Discussion and Conclusion

讨论和总结

In this work, we evaluated the applicability of CNNs for the challenge of reconstructing undersampled cardiac MR image data. The experiments presented show that using a network with interleaved data consistency stages, it is feasible to obtain a model which can reconstruct images well. The CS and low-rank framework offers a mathematical guarantee for the signal recovery, which makes the approach appealing in theory as well as in practice even though the required sparsity cannot generally be genuinely achieved in medical imaging. However, even though this is not the case for CNNs, we have empirically shown that a CNN-based approach can outperform them. In addition, at very aggressive undersampling rates, the CNN method was capable of reconstructing most of the anatomical structures more accurately based on the learnt priors, while classical methods do not guarantee such behaviour.

Note that remarkably, we were able to train the CNN on the small dataset. We used several strategies to alleviate the issue of overfitting: firstly, as we employed the iterative architecture, each subnetwork has relatively small receptive field. As a result, the network can only performs local transformations. Secondly, we applied intensive data augmentation so the network practically sees constantly sees a variation of the input, which makes it more difficult to overfit to any specific patterns. However, we speculate that given more training data, we can drop the data augmentation and let the network learn coarse features by incorporating, for example, dilated or strided convolution, which could further improve the performance.

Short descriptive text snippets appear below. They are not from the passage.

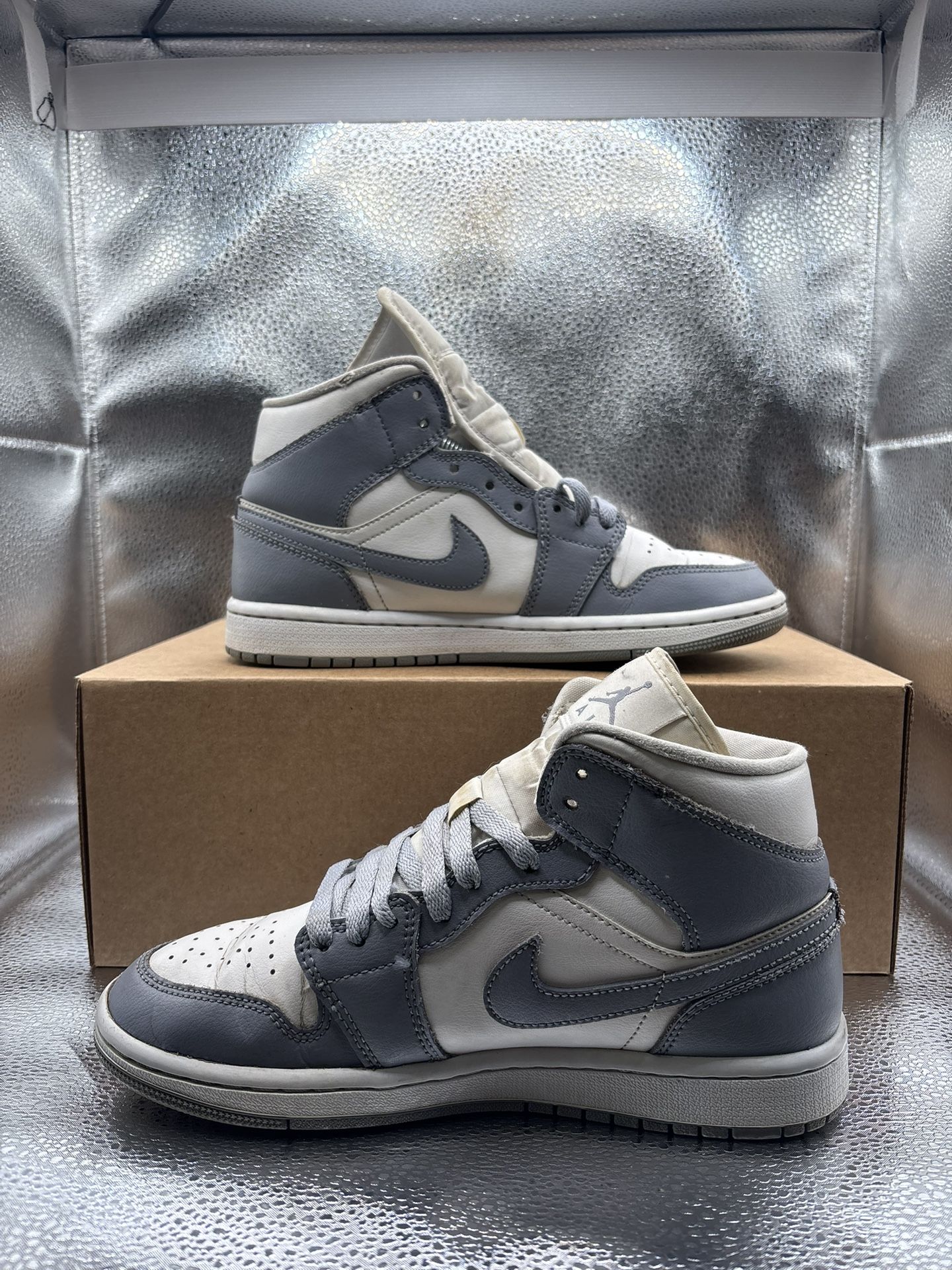 Air Jordan 1 Mid Stealth - photo 5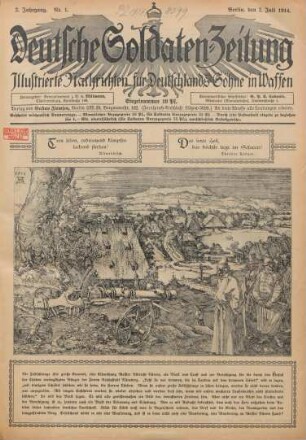 2.1914/15: Deutsche Soldaten-Zeitung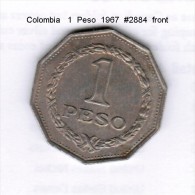 COLOMBIA    1  PESO  1967  (KM # 229) - Colombie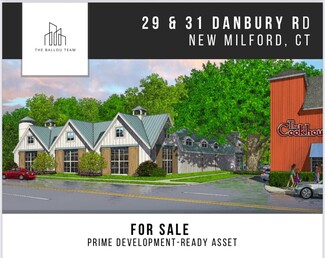 Plus de détails pour 29-31 Danbury Rd, New Milford, CT - Terrain à vendre
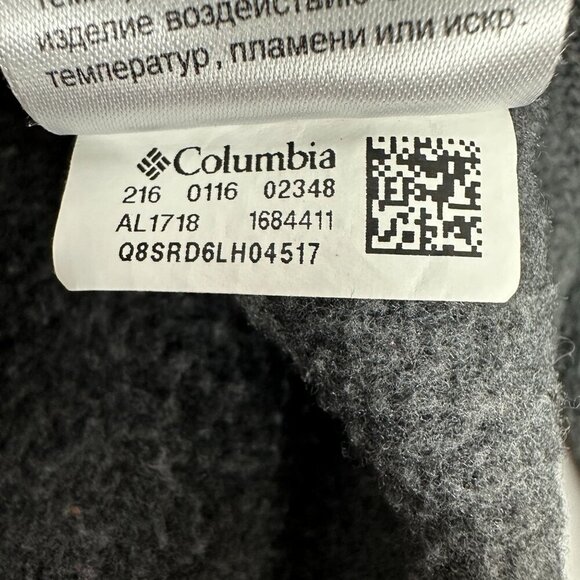 Columbia Women's Double Breasted Pea Coat Size M Gray - Picture 8 of 8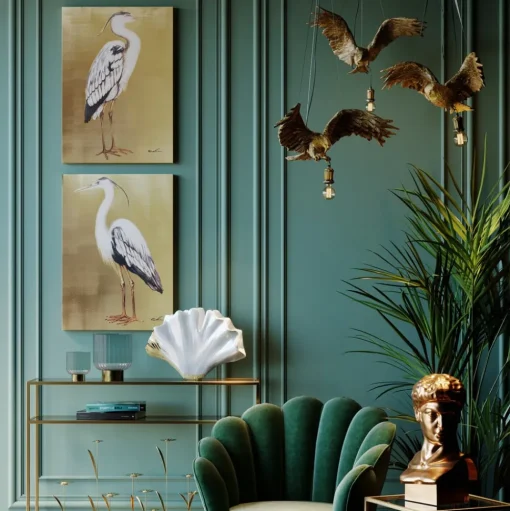KARE Animal Owl hanglamp, uilfiguur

It is important to note that in the experiments presented the data was produced by retrospective undersampling of back transformed complex images (equivalent to single-coil data) obtained through an original SENSE reconstruction. Although the application of CNN reconstruction needs to be investigated in the more practical scenario of full array coil data from parallel MR, the results presented show a great potential to apply deep learning for MR reconstruction. The additional richness of array coil data has the potential to further improve performance, although it will also add considerable complexity to the required CNN architecture.

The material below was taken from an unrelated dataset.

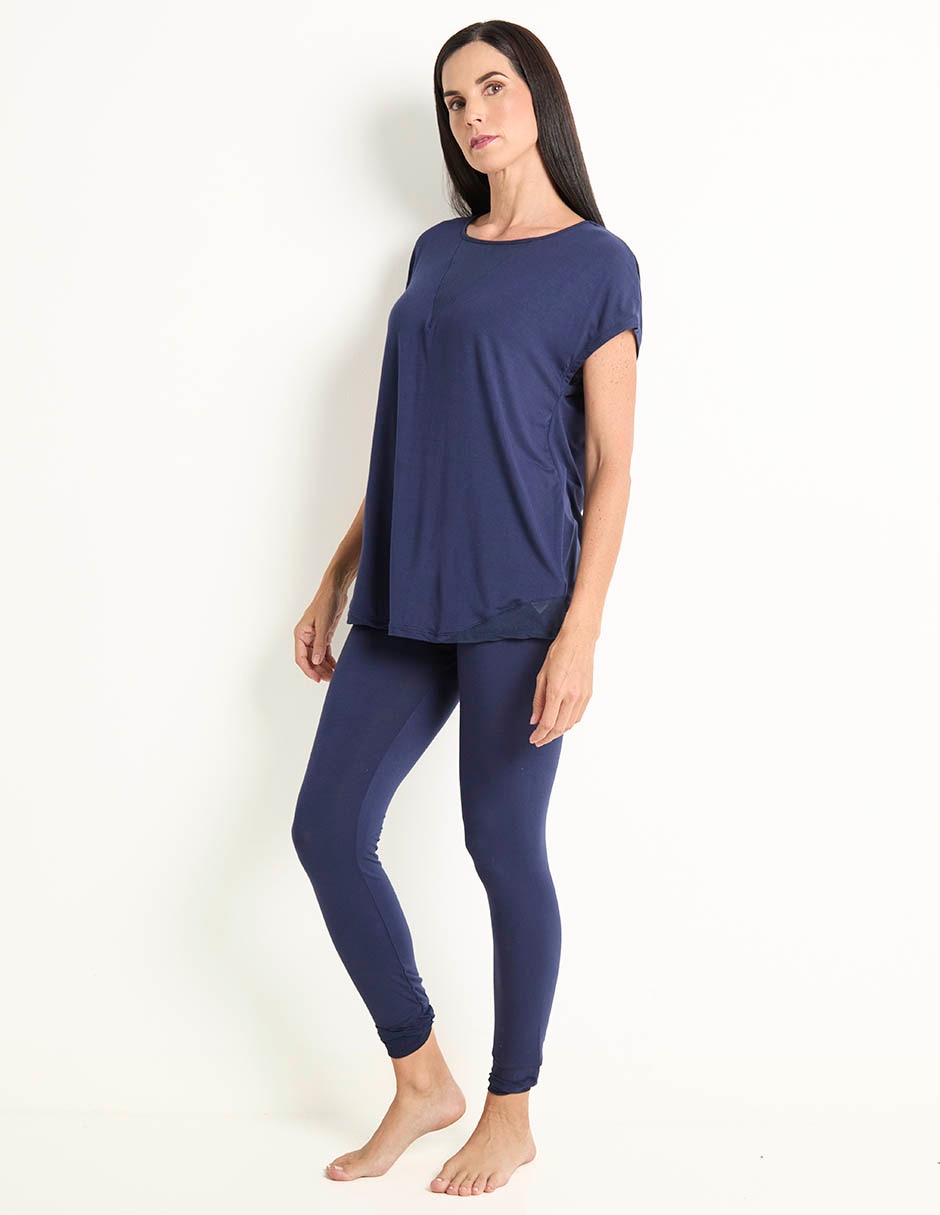 PIJAMA WKIM25082-A06, CH, AZUL MARINO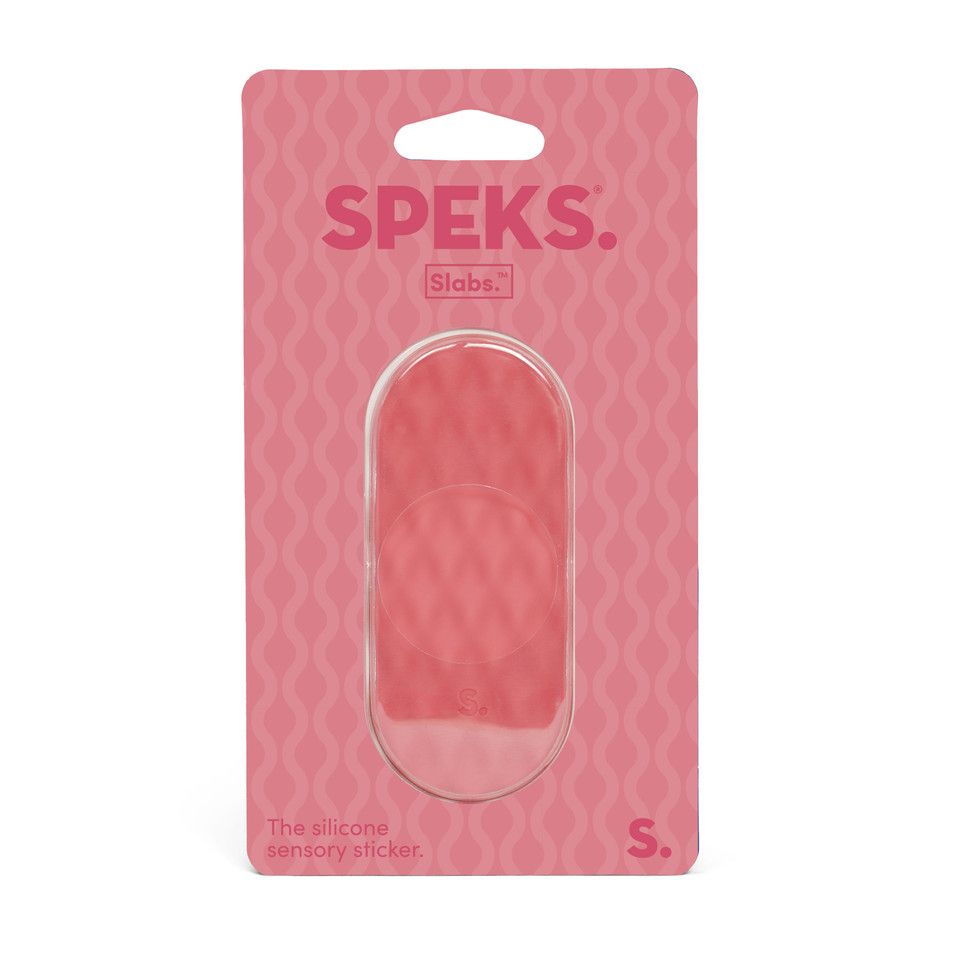 Speks Slabs - Oblong Mesh, Coral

In this work, we were able to show that the network can be trained using arbitrary Cartesian undersampling masks of fixed sampling rate rather than selecting a fixed number of undersampling masks for training and testing. In addition, we were able to pre-train the network on various undersampling rates before fine-tuning the network. This suggests that the network was capable of learning a generic strategy to de-alias the images. A further investigation should consider how tolerant the network is for different undersampling patterns such as radial and spiral trajectories. As these trajectories provide different properties of aliasing artefacts, a further validation is appropriate to determine the flexibility of our approach. However, radial sampling naturally fits well with the data sharing framework and therefore can be expected to push the performance of the network further. The data sharing approach may also make it feasible to adopt regular undersampling patterns which are intrinsically more efficient. Another interesting direction would be to jointly optimise the undersampling mask using the learning framework.

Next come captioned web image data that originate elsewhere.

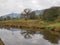 Huddersfield narrow canal tree reflections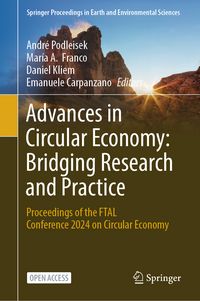 Produktbild: Advances in Circular Economy: Bridging Research and Practice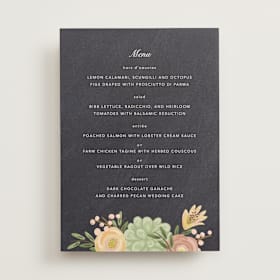 Menus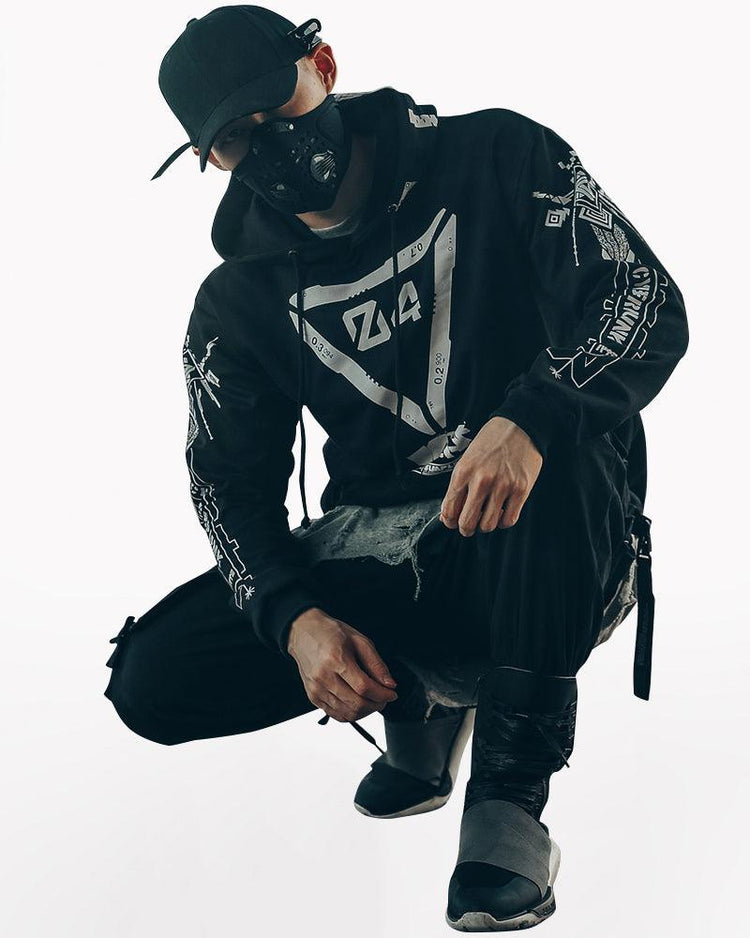 Techwear Hoodie & Sweatshirt – Techwear Official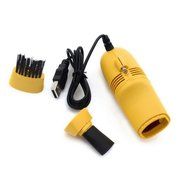 Mini USB Laptop Keyboard Cleaner Dust Collector Black N4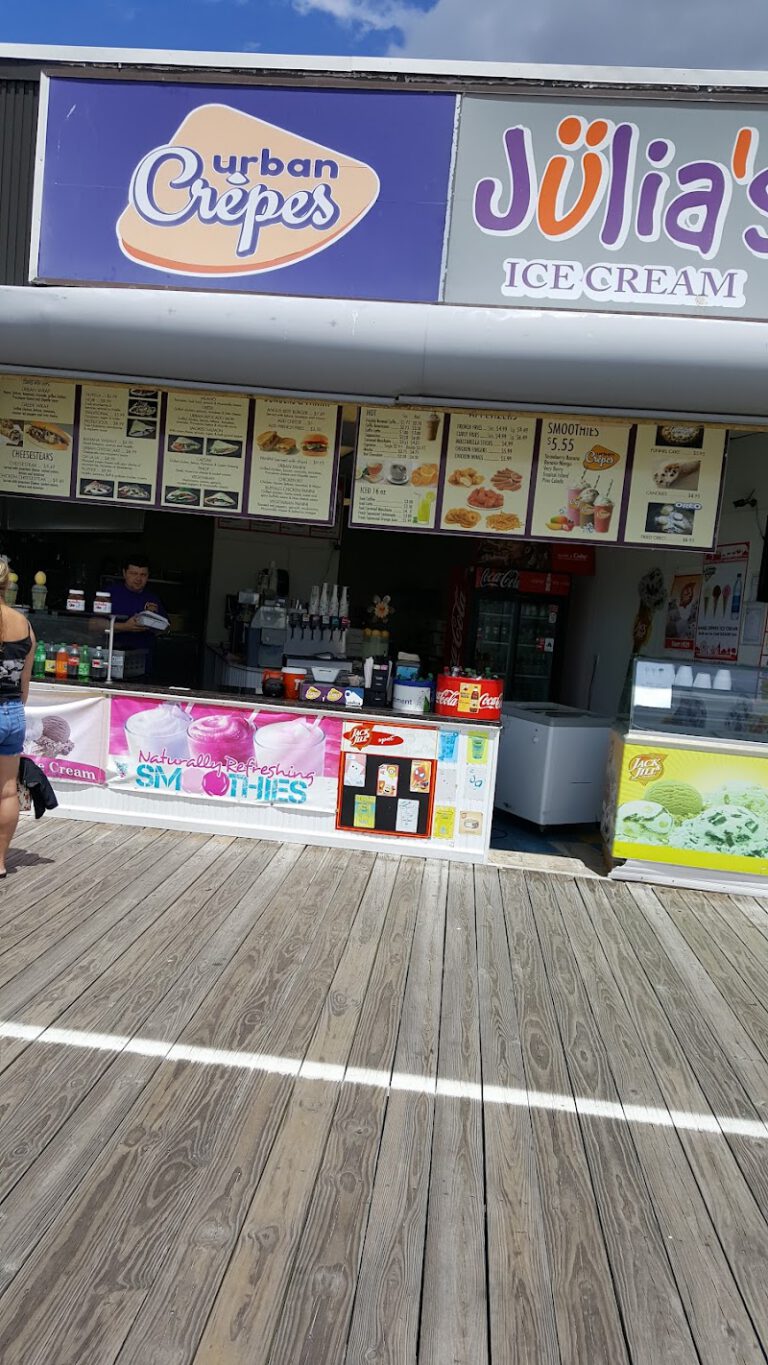 Julias Ice Cream restaurant Ocean City NJ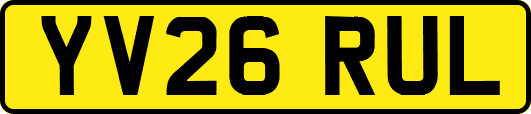 YV26RUL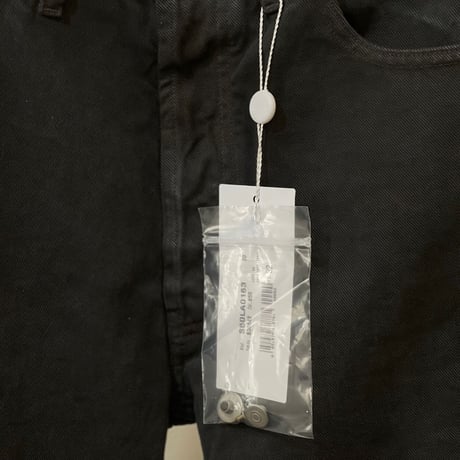 新品 maison margiela 2020aw garment dyed cut off Jeans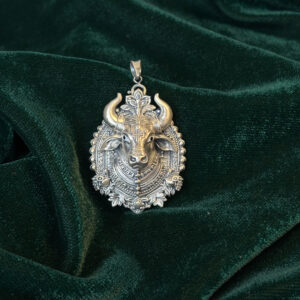 BROOCH ( 925 SILVER)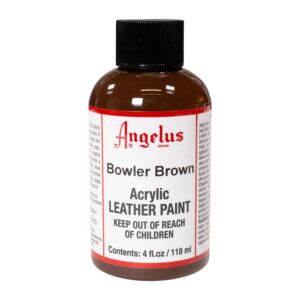 Angelus Leather Paint - Bowler Brown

To conclude, although CNNs can only learn local representations which should not affect global structure, it remains to be determined how the CNN approach operates when there is a pathology present in images, or other more variable content. We have performed a cross-validation study to ensure that the network can handle unseen data acquired through the same acquisition protocol. Generalisation properties must be evaluated carefully on a larger dataset. However, CNNs are flexible in a way such that one can incorporate application specific priors to their objective functions to allocate more importance to preserving features of interest in the reconstruction, provided that such expert knowledge is available at training time. For example, analysis of cardiac images in clinical settings often employs segmentation and/or registration. Multi-task learning is a promising approach to further improve the utility of CNN-based MR reconstructions.